The output lists seven merged lines.

The -a (print unpairable) option tells join to also print lines that cannot be matched.

Here we type the following command to tell join to print lines from file one that cannot be matched to lines from file two:

join -a 1 file-1.txt file-4.txt

Seven lines are matched and line eight of file one is printed, unmatched. There is no merged information because file-4.txt did not contain line eight to which it could be mapped. However, at least it still appears in the output so you know that it has no correspondence in the 4.txt file.

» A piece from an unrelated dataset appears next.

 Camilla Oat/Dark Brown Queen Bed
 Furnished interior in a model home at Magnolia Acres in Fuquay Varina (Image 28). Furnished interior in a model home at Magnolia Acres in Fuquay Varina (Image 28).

We type the following command -v (delete attached lines) to reveal all the lines that do not match:

join -v file-1.txt file-4.txt

We see that line eight is the only one that has no match in file two.

Match other fields

Associate two new files on a field which is not the default one (field one). Here is the content of file-7.txt:

avarian0@newyorker.com Woman 192.57.150.231
dsealeaf4@nps.gov Female 210.53.81.212
fbezley5@lulu.com Male 72.173.218.75
hfriett2@dagondesign.com Female 33.167.32.89
nmerrell1@ted.com Woman 22.198.121.181
ojursch7@utexas.edu Male 1,138.85,117
tvenmore3@gmpg.org Woman 251.9.204.115
ustanden6@geocities.jp Female 4.204.0.237

And the following is the contents of the file-8.txt:

Woman avarian0@newyorker.com Western New York $ 535,304.73
Woman dsealeaf4@nps.gov North Country $ 126,690.15
Male fbezley5@lulu.com Mohawk Valley $ 366,733.78
Woman hfriett2@dagondesign.com South level $ 461,664.44
Woman nmerrell1@ted.com Finger Lakes $ 309,033.10
Male ojursch7@utexas.edu Hudson Valley $ 663,821.09
Woman tvenmore3@gmpg.org Central New York $ 175,818.02
Woman ustanden6@geocities.jp Capital District $ 674,634.93

The email address, which is field one in the first file and field two in the second, is the only reasonable field to use for joining. To answer this, we can use the options -1 (one field file) and -2 (two field file). We will follow them with a number that indicates which field of each file should be used to join.

We type the following to tell join to use the first field in file one and the second in file two:

attach -1 1 -2 2 file-7.txt file-8.txt

The files are attached to the email address, which appears as the first field in each line in the output.

Use of different field separators

What if you have files whose fields are separated by something other than spaces?

The following two files are separated by commas – the only space is between multi-word place names:

cat-5.txt file
cat-6.txt file

We can use the -t (separator character) to tell join which character to use as a field separator. In this case, it’s the comma, so we type the following command:

join -t, file-5.txt file-6.txt

All lines are matched and spaces are preserved in place names.

Ignore the case of letters

Another file, file-9.txt, is almost identical to file-8.txt. The only difference is that some email addresses have a capital letter, as shown below:

Woman avarian0@newyorker.com Western New York $ 535,304.73
Woman dsealeaf4@nps.gov North Country $ 126,690.15
Male Fbezley5@lulu.com Mohawk Valley $ 366,733.78
Woman hfriett2@dagondesign.com South level $ 461,664.44
Woman nmerrell1@ted.com Finger Lakes $ 309,033.10
Male Ojursch7@utexas.edu Hudson Valley $ 663,821.09
Woman tvenmore3@gmpg.org Central New York $ 175,818.02
Woman ustanden6@geocities.jp Capital District $ 674,634.93

When we joined file-7.txt and file-8.txt, it worked perfectly. Let’s see what happens with file-7.txt and file-9.txt.

We type the following command:

attach -1 1 -2 2 file-7.txt file-9.txt

We only matched six lines. The differences in uppercase and lowercase letters prevented the other two email addresses from being reached.

However, we can use the -i option (ignore case) to force the join to ignore these differences and to match fields that contain the same text, regardless of case.

We type the following command:

attach -1 1 -2 2 -i file-7.txt file-9.txt

The eight lines are successfully paired and joined.

Mix and match

In joining, you have a powerful ally when you struggle with awkward data preparation. You may need to analyze the data, or perhaps you are trying to model it to import to another system.

Whatever the situation, you will be happy to have joined your corner!

Leave a Reply

Your email address will not be published. Required fields are marked *

This site uses Akismet to reduce spam. Learn how your comment data is processed.